Capitalism: the boom of neoliberal conservation

The social cost of fortress conservation led to a shift toward financing nature conservation as part of the neoliberalization of nature. Nature is viewed as 'natural capital' – that it can be bought, sold, or substituted to benefit humans. In this movement, the role played by non-state actors such as international NGOs and corporates far exceeded that of the state, forming complex cross-scale network, expressed, for example, in the form of ecotourism, community-based conservation and wildlife hunting area as popularized in the Netflix series MeatEater.

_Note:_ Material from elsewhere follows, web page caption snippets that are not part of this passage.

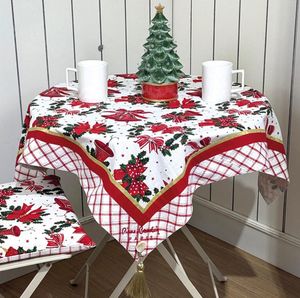 Centrotavola 90x90cm  Natalizio Pierre Cardin Art. Evergreen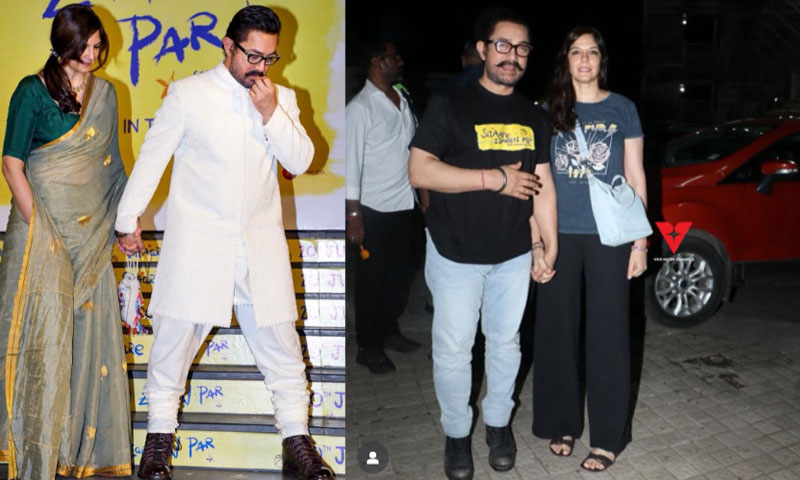 Aamir Khan celebrates New Year holidays with girlfriend Gauri Spratt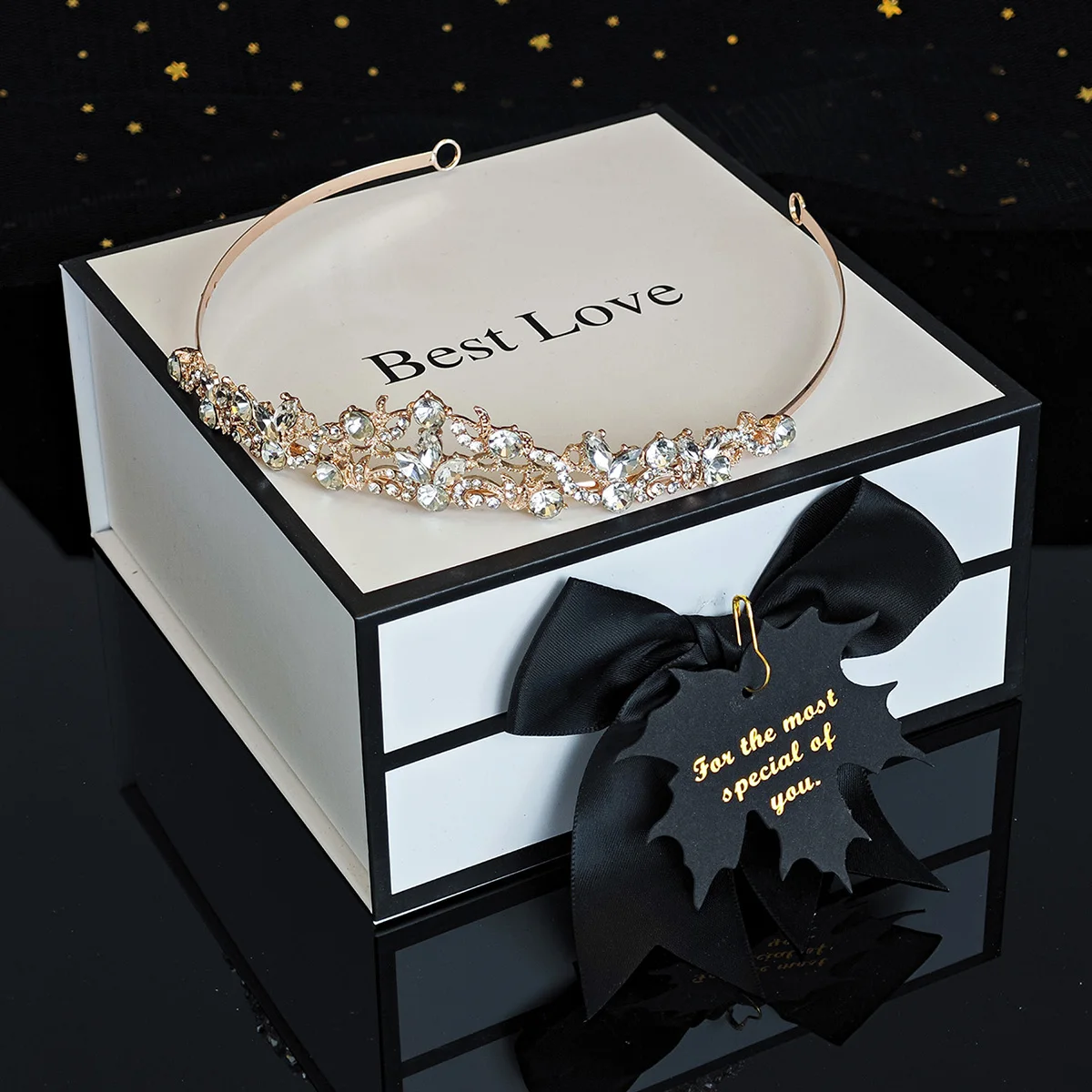 Fashion Sparkling Rhinestone Crown Tiara Bridal Headdress For Women jewelry accessories hair accessory hair headdress bridal headwear hair band crown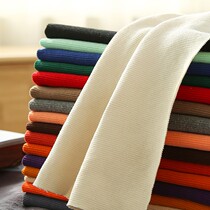 Fabric Pure cotton knitted ribbed elastic cuff neckline hem trouser leg closure elastic side sweater thread fabric accessories
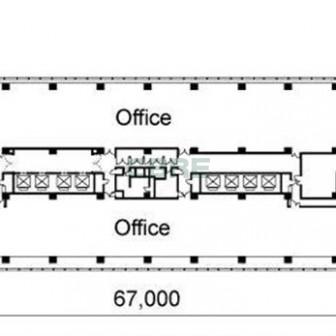 3階〜18階 平面図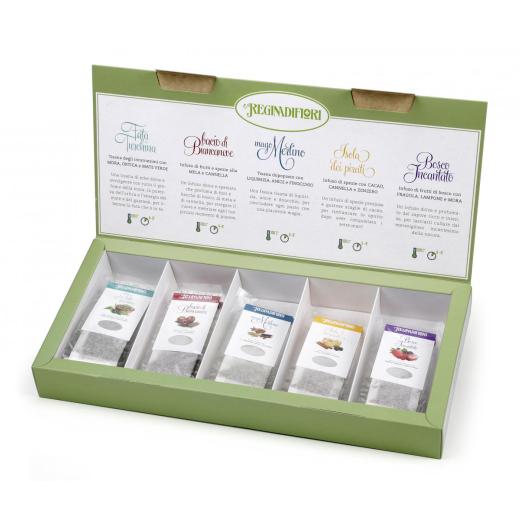Tisane Regina Dei Fiori Confezione Regalo 30 Filtri Tisane Regina Dei Fiori Confezione Regalo 30 Filtri
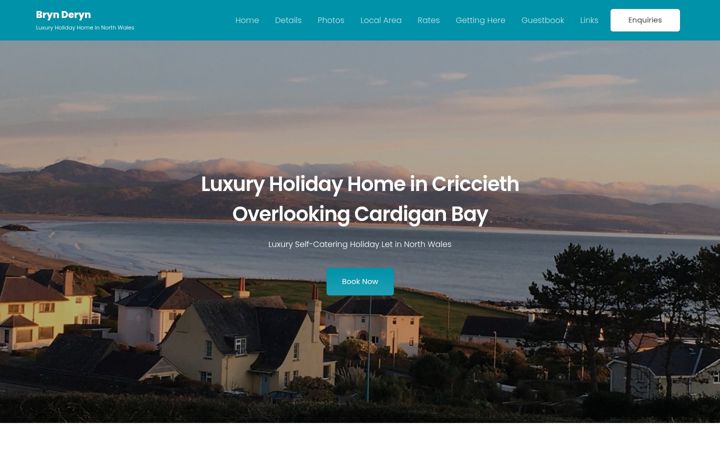 Screenshot of brynderyncriccieth.com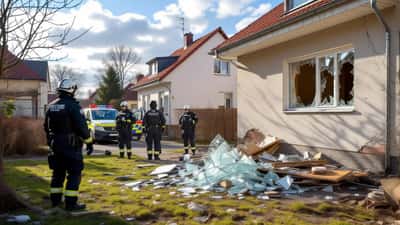 Polizeieinsatz nach Explosion in Leipziger Mehrfamilienhaus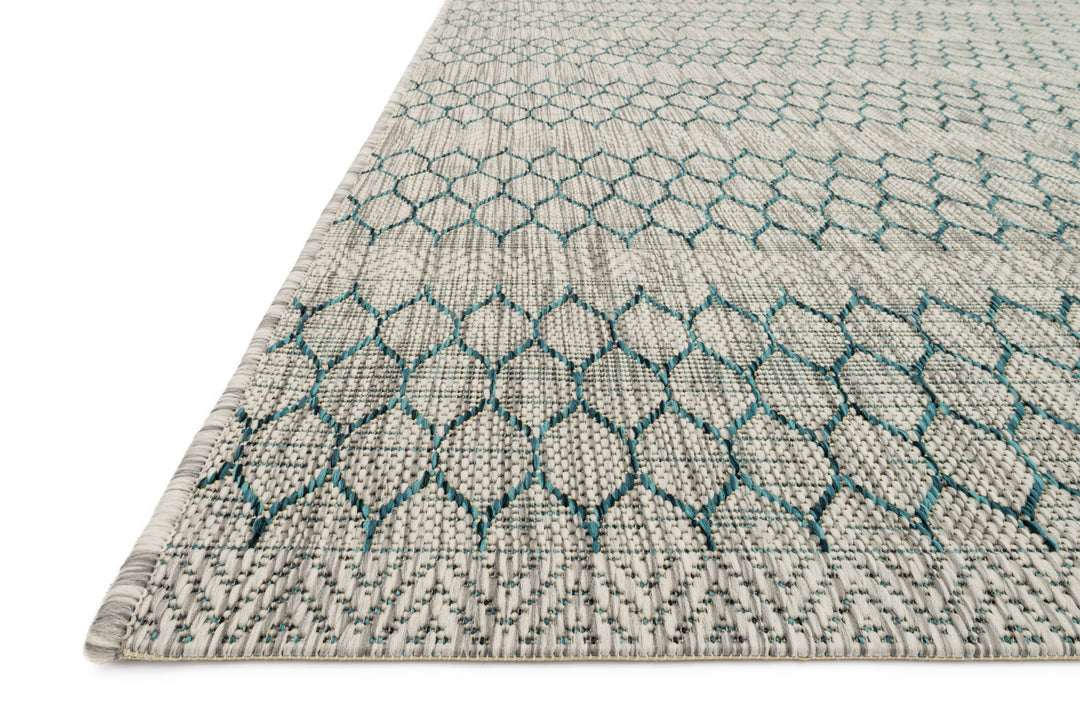 Loloi Isle Grey / Teal  Indoor/Outdoor Accent Rug (IE-01)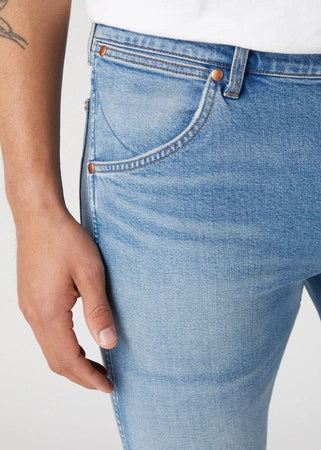 Wrangler Men's Blue Original Slim Jeans | Wrangler In Lebanon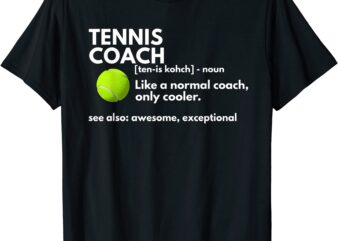funny tennis coach definition coaching gift t shirt men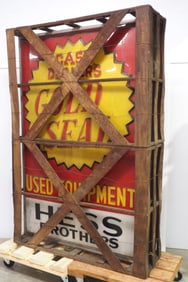 Case Dealer Gold Seal Used Equipment dealer sign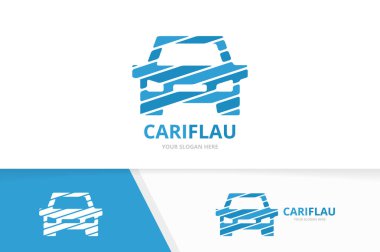Vektör araba logosu bileşimi. Araç simge veya simge. Benzersiz otomobil logo tasarım şablonu.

Over the past decades, payment for ecosystem services (PES) attracted attention from developing countries. Basically, it allows local people to be paid to keep their forest in its original state instead of converting it to something else. With the discourse of climate change, the emergence of REDD+ programs (Reducing Emissions from Deforestation and Forest Degradation), for example in Lao PDR and Cambodia, Vietnam and Indonesia, promised carbon reduction through investment in forest projects. Questions remains, though, about its transparency and whether such project really address the underlying cause of poverty and inequality at the recipient end. Taking a political ecology perspective, carbon forests, portrayed as development opportunities, are result of ‘accumulation by conservation’ or ‘green grabbing’ where elites create a condition for accumulation of wealth by enclosure or dispossession of land while incentivizing landholders to make conservation efforts of the commodified natural resources. Driven by consumerism and materialism, neoliberal conservation may instead reproduce pre-existing social, economic, environmental, and political inequalities.

Green modernization rejects separating humans and nature, and instead believes that the integration of socionature (where nature and humanity are one and the same) could be managed through financial supports. Based on logic of capitalism and commoditization, conservation seems to be more about economic development and less about biodiversity.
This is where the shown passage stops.